# WHAT THE EXERCISE ASKS
Please restate word for word, and with nothing added, the lines that run from the one holding "Aretes turcos Corazón" to the end of the entries below.

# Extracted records
------------------------------------------------

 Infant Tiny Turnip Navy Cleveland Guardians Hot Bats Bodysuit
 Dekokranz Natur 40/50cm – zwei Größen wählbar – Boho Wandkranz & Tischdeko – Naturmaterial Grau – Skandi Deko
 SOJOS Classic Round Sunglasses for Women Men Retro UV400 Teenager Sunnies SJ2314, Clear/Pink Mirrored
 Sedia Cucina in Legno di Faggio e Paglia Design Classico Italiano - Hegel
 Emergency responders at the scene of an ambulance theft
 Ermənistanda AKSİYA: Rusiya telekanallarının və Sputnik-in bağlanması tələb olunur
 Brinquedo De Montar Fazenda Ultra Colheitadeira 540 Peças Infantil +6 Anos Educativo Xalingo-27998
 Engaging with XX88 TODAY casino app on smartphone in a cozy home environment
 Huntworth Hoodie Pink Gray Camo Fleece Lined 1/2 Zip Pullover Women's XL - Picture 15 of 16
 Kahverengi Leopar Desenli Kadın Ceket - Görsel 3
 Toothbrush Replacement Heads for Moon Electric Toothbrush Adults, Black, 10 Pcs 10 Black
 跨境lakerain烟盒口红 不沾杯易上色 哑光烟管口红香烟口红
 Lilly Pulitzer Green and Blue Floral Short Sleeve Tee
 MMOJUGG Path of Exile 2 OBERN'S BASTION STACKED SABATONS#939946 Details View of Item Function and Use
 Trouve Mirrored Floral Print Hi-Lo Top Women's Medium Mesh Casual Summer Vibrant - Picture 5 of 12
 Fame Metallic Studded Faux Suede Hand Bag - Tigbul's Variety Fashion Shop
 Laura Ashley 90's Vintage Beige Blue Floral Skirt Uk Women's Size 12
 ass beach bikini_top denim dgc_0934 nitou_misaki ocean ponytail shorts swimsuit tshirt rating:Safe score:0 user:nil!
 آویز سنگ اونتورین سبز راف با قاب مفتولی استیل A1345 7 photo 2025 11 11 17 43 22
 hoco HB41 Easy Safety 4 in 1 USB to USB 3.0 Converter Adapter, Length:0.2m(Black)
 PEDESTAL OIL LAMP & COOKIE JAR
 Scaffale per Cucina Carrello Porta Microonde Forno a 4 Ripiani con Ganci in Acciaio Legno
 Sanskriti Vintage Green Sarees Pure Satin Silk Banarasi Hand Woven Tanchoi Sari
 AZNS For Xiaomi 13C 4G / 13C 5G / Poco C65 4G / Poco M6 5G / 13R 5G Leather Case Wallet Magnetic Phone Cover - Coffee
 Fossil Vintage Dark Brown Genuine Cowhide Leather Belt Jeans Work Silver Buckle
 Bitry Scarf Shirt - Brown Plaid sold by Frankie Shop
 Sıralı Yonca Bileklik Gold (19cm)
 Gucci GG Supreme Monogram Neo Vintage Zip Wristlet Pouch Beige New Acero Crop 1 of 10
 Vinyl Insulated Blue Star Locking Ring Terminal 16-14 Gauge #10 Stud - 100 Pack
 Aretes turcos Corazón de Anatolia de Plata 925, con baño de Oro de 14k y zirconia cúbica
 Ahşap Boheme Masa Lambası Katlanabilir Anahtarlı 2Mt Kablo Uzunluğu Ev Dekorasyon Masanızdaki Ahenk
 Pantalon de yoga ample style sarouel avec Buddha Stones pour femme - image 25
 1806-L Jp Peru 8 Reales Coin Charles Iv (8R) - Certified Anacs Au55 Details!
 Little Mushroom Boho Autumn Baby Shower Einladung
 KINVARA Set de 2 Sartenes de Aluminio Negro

------------------------------------------------

# RESPONSE
 Aretes turcos Corazón de Anatolia de Plata 925, con baño de Oro de 14k y zirconia cúbica
 Ahşap Boheme Masa Lambası Katlanabilir Anahtarlı 2Mt Kablo Uzunluğu Ev Dekorasyon Masanızdaki Ahenk
 Pantalon de yoga ample style sarouel avec Buddha Stones pour femme - image 25
 1806-L Jp Peru 8 Reales Coin Charles Iv (8R) - Certified Anacs Au55 Details!
 Little Mushroom Boho Autumn Baby Shower Einladung
 KINVARA Set de 2 Sartenes de Aluminio Negro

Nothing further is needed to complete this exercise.